The Flare Path: Unstitched

1 of 10

Crisis! Geoff, the retired sailmaker who usually stitches together FP news stories, phoned in sick this morning (housemaid’s knee). We’ve experimented with alternative fastenings – velcro, staples, bulldog clips, ant-head sutures… – but none of them are strong and flexible enough to join this week’s selection of topical sim and strategy snippets. Unless Irma’s ongoing porridge experiments prove successful, I fear today’s column will have to take the form of an index finger inconveniencing gallery.


  1. Hydrogene says:

    A naval setting inspired by Ben Hur screams “war galleys in the Mediterranean” in my ears. And I like that.
    Qvadriga was surprisingly good for a such a strange setting as turn based chariot racing.

    Hint: the Foxer is at image slide number 10!

    • JB says:

      Likewise, I’m looking forward to seeing what Daniel does with it!

      • Captain Narol says:

        I just want a Qvadriga II, with even more tactical depth and maybe more personality to drivers. One of my favorite games ever !

  2. peterako1989 says:

    “Sigh” Il-2 BoS. I still see you, Im still disapointed.

  3. wodin says:

    WOW. I was bugging Slitherine about Bloody April for ages on Terrys idea it got taken up!!

  4. Stugle says:

    I’ve seen versions of that claim about the Dutch destroying large quantities of JU-52s before, usually in Dutch history books from shortly after the war. The general idea seems to be that the German airborne assault on The Hague was really costly in planes for the Germans (not so much in Fallschirmjaeger, as they were captured and then released a few days later). Since there doesn’t seem to be much backing for it, I suspect it’s the kind of claim that was meant to make the Netherlands feel less bad about being overrun by the Germans to begin with, much like the myth that the German assault on the Afsluitdijk (the barrier that enclosed the Zuiderzee) was a bloody affair with hundreds of Germans dead or wounded.

    • Jack Merchant says:

      There is verification for the number of Ju-52s destroyed in the Netherlands: Werner Haupt’s ‘Sieg ohne Lohrbeer’ talks about 280 burnt-out wrecks.
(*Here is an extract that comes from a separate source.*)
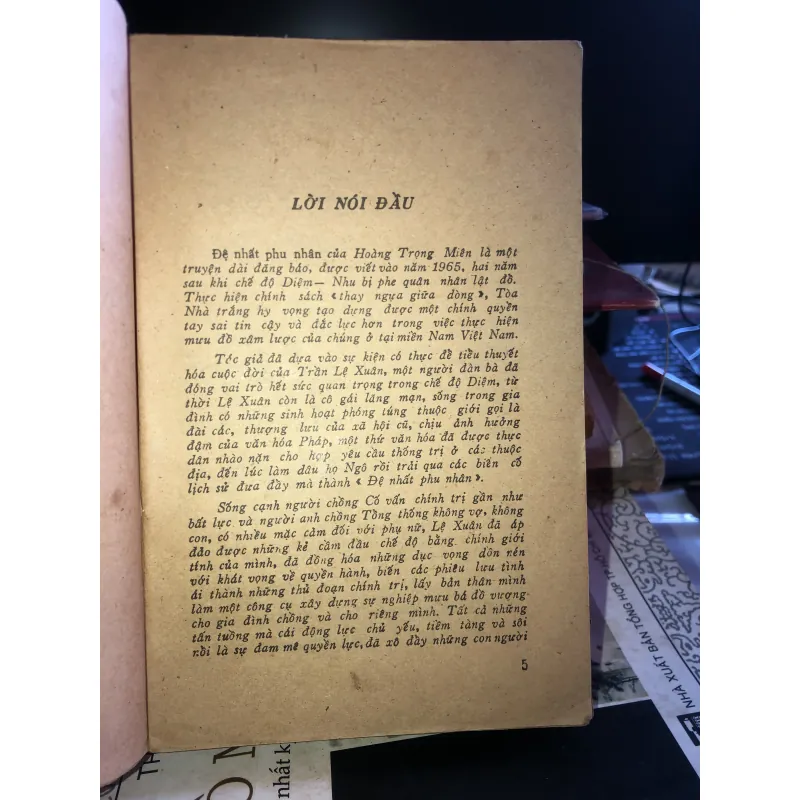 Đệ nhất phu nhân - Hoàng Trọng Miên 1019372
Cajus Bekker in ‘Angriffshöhe 4000-die deutsche Luftwaffe im Zweiten Weltkrieg’ says two thirds of the 430 Junkers involved in the operation were lost (I’m afraid I don’t know how to link to these references in HTML, sorry). If you know Dutch there’s also a list online somewhere which documents all the planes shot down or destroyed in May 1940, but I can’t find it at the moment.

      This wasn’t all a result of Dutch fire: the Germans attempted to seize the military airports in the west and land the Ju-52s on them. However, these airports had runways that, being built on sea clay, were only capable of handling the weight of light fighter planes, not fully loaded transports. So many Ju-52s were heavily damaged on landing, or forced to divert to other landing sports like highways. This made them excellent targets for Dutch AAA, one of the rare aspects of national defence the Netherlands had reasonably well invested in.
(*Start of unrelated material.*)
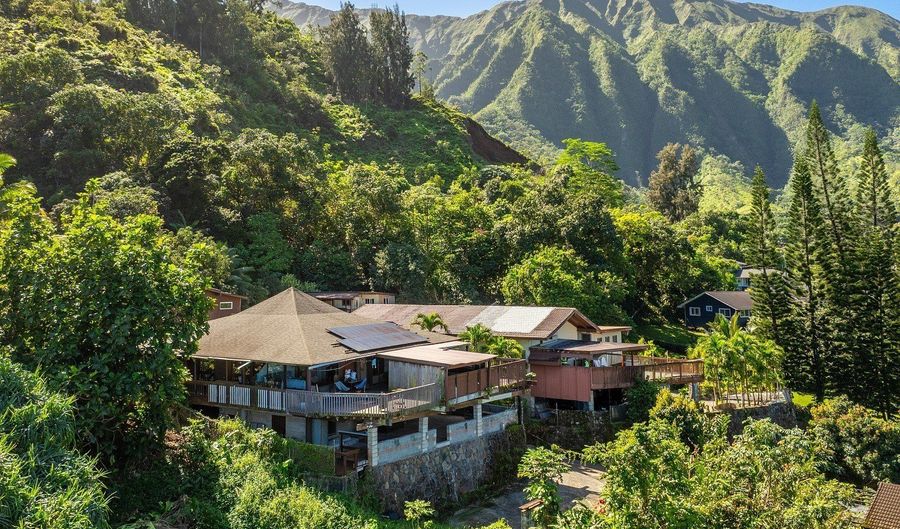 47-483 Pakai Pl, Kaneohe, HI 96744 - 4 Beds, 2 Bath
      I have no idea whether this had any bearing on the decision not to proceed with Sea Lion though.

      • Stugle says:

        Thanks! I saw on the Wikipedia page that the source for the numbers was given as the official war history written by Lou de Jong, which I’ve read as a kid. It struck me even at the time as not the most critical source, so I assumed the damage to the Ju 52s was exaggerated. It’s nice to learn my country did kick German ass in one way, even if our overall war effort was doomed years before it began. :)

        Still, I’m sure the inability of the Luftwaffe to beat the RAF, and the total lack of German options to deal with the Royal Navy, had a lot more to do with the fate of Sealion than the lack of transport planes.

  5. Stugle says:

    And gosh, that Afghanistan ’11 sounds really interesting! Will have to keep an eye on it.

  6. All is Well says:

    “the dog-eared country moored just to the left of France was once a fairly big fish in the world of wet warfare”

    As ever, Mssr. Stone manages to make Friday a lot better than it already is.